### The input:
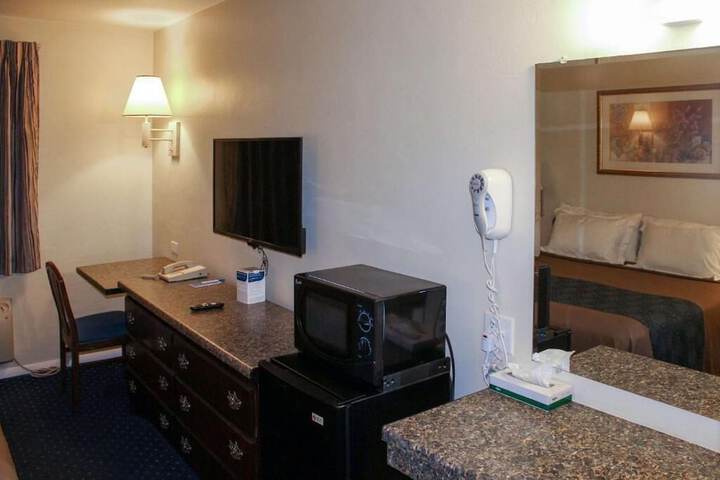 Room 16 of 22
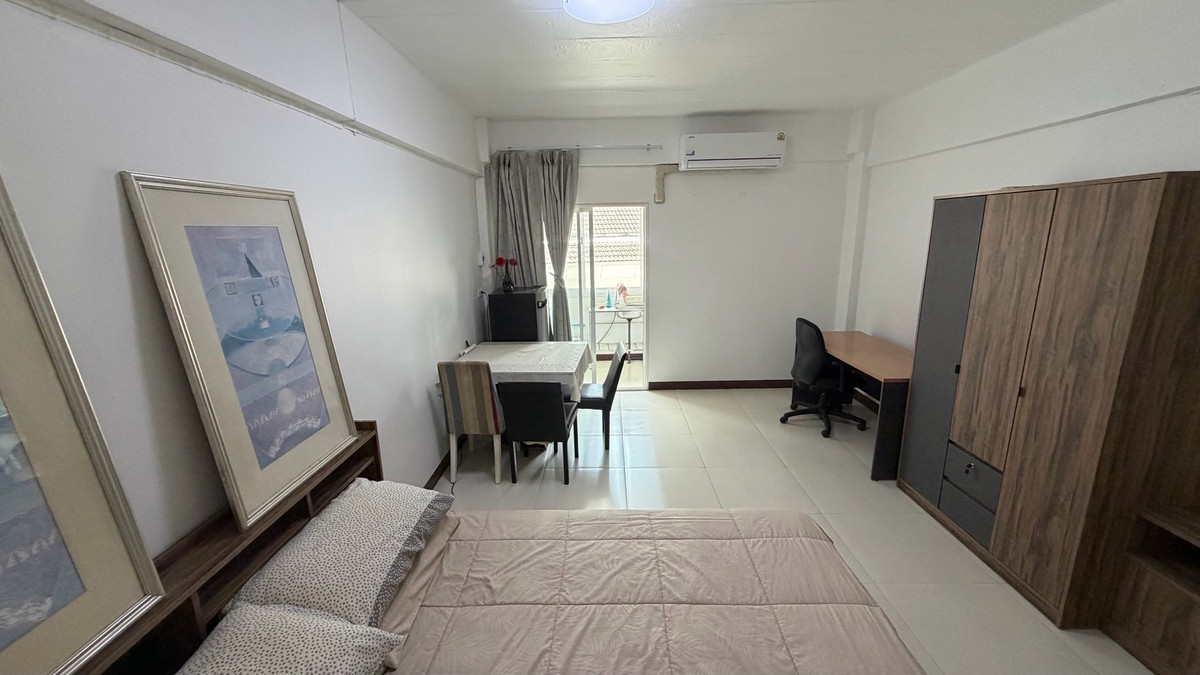 Condo for sale, Phuengboon Mansion, Ramintra 79, good location on the main road, near the BTS, opposite Synphaet Hospital, Ramintra. – รูปที่ 2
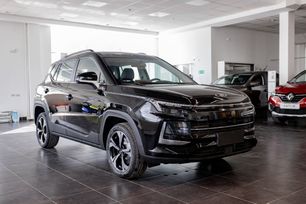 SUV    3 2025 , 1903000 , 
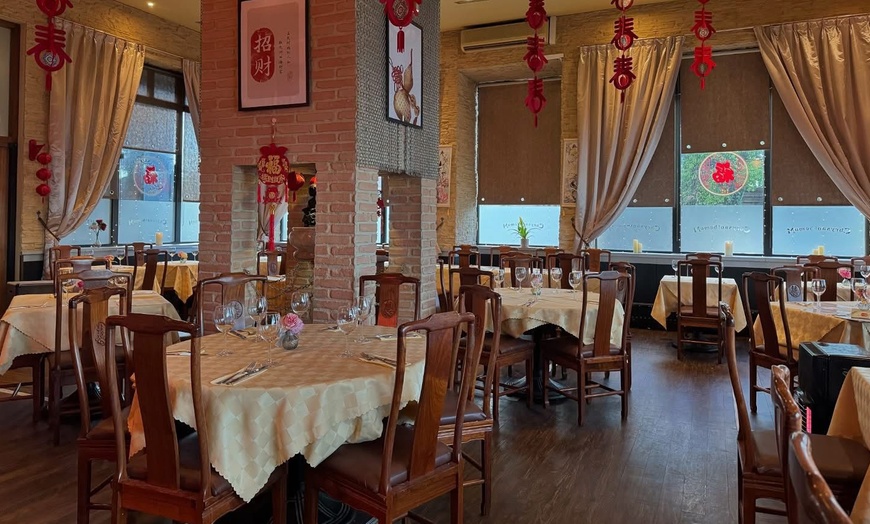 Image 7: 3-Course Dining Experience for Two or Four with Wine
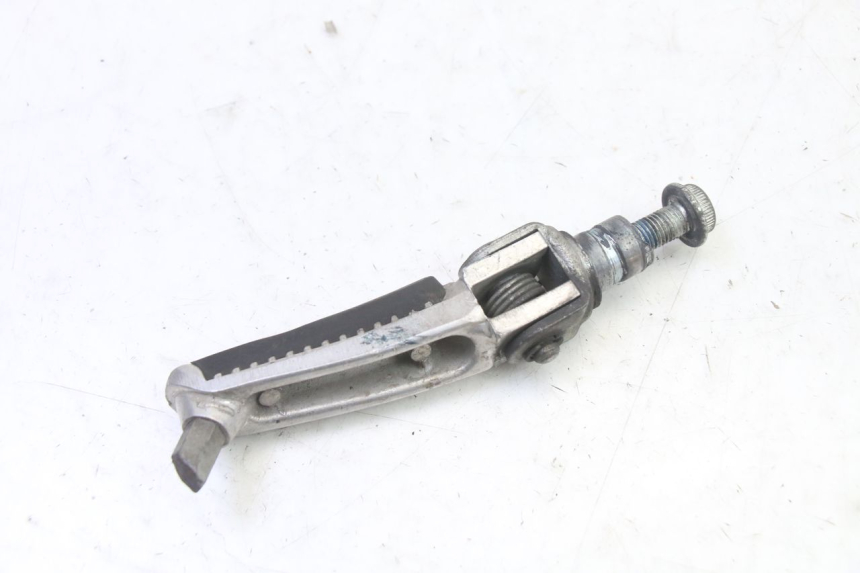 photo de REPOSAPIES DELANTERA DERECHA SUZUKI SV S 650 (2003 - 2009)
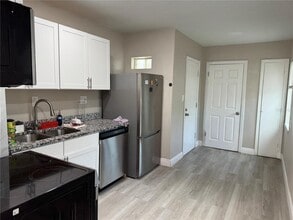 3114 58th Ave N in St. Petersburg, FL - Building Photo - Building Photo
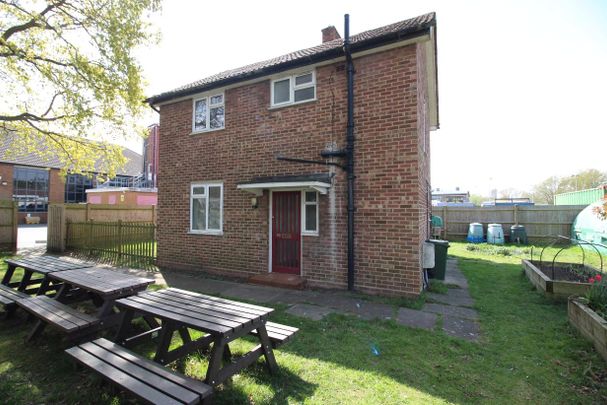 School House, Manor Drive North, New Malden - Photo 1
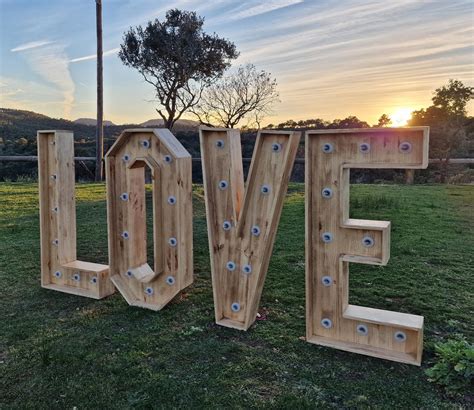Letras de madera con luces PenalbaWeb.com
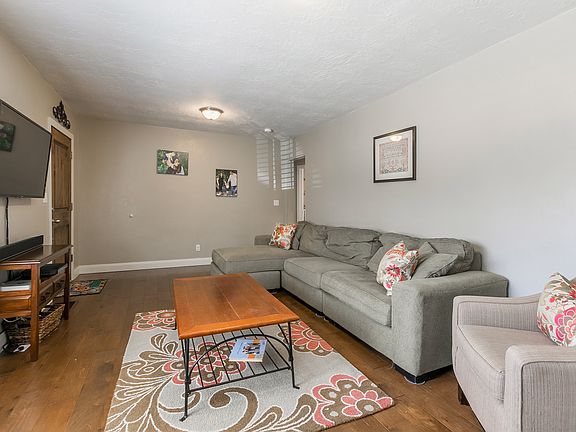 5th image of 2119 S King St
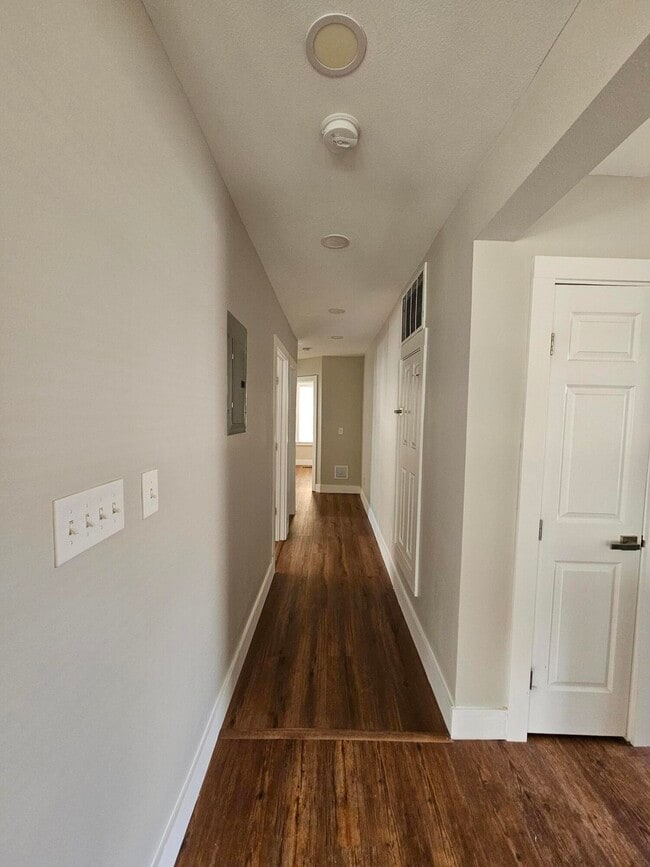 Building Photo - 4 W De Soto St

### Task objective:
Give back exactly the lines above that run from the one with "2025 , 1903000" to the one with "3114 58th Ave", including both, with the pictures left out.

### Written solution:
 SUV    3 2025 , 1903000 , 
 Image 7: 3-Course Dining Experience for Two or Four with Wine
 photo de REPOSAPIES DELANTERA DERECHA SUZUKI SV S 650 (2003 - 2009)
 3114 58th Ave N in St. Petersburg, FL - Building Photo - Building Photo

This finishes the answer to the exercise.